WHAT THE TASK REQUIRES:
Within the records below is a range that opens at the line with "A photo of David Archuleta singing." and closes at the line with "Image of Human". Return that range word for word, both ends included, and only that range.

[Excerpts from a dataset]
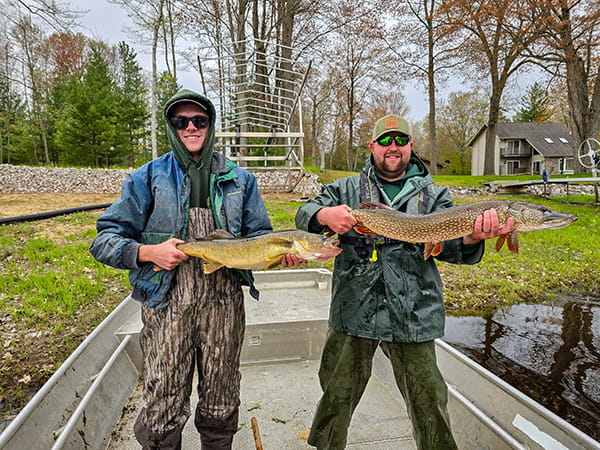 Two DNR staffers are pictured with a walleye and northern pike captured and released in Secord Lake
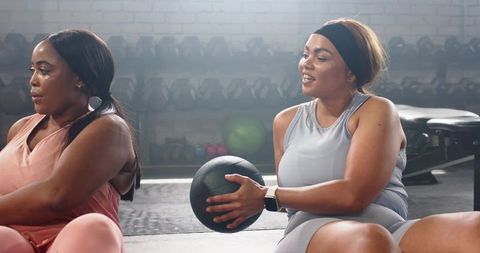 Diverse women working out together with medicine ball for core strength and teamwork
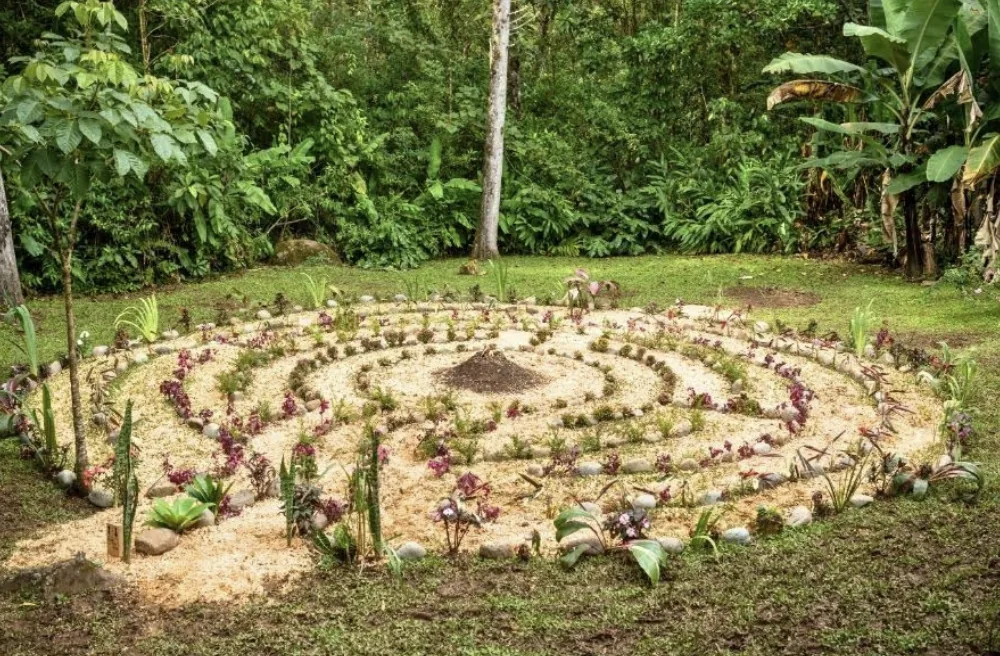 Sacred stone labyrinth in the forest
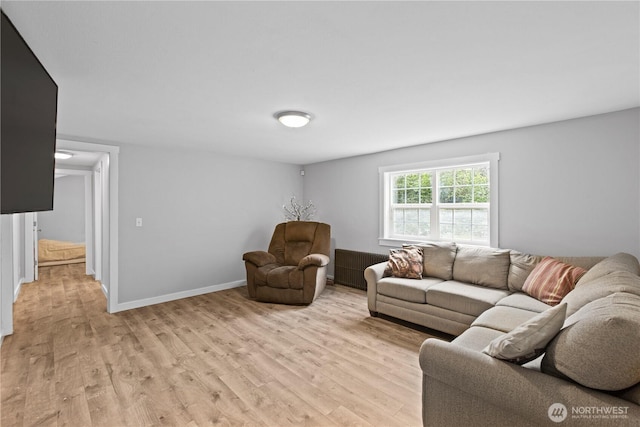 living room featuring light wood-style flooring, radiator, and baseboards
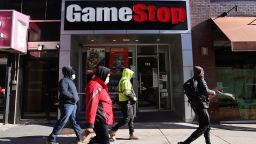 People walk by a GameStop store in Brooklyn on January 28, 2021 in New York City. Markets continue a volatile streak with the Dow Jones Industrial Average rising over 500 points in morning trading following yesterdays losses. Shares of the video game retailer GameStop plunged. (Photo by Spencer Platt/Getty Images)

==

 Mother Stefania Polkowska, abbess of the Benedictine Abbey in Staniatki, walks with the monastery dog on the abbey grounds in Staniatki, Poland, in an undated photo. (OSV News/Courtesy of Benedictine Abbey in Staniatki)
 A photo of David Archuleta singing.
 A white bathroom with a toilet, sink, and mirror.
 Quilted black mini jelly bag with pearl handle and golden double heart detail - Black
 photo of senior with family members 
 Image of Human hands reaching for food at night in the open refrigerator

WRITTEN RESPONSE:
 A photo of David Archuleta singing.
 A white bathroom with a toilet, sink, and mirror.
 Quilted black mini jelly bag with pearl handle and golden double heart detail - Black
 photo of senior with family members 
 Image of Human hands reaching for food at night in the open refrigerator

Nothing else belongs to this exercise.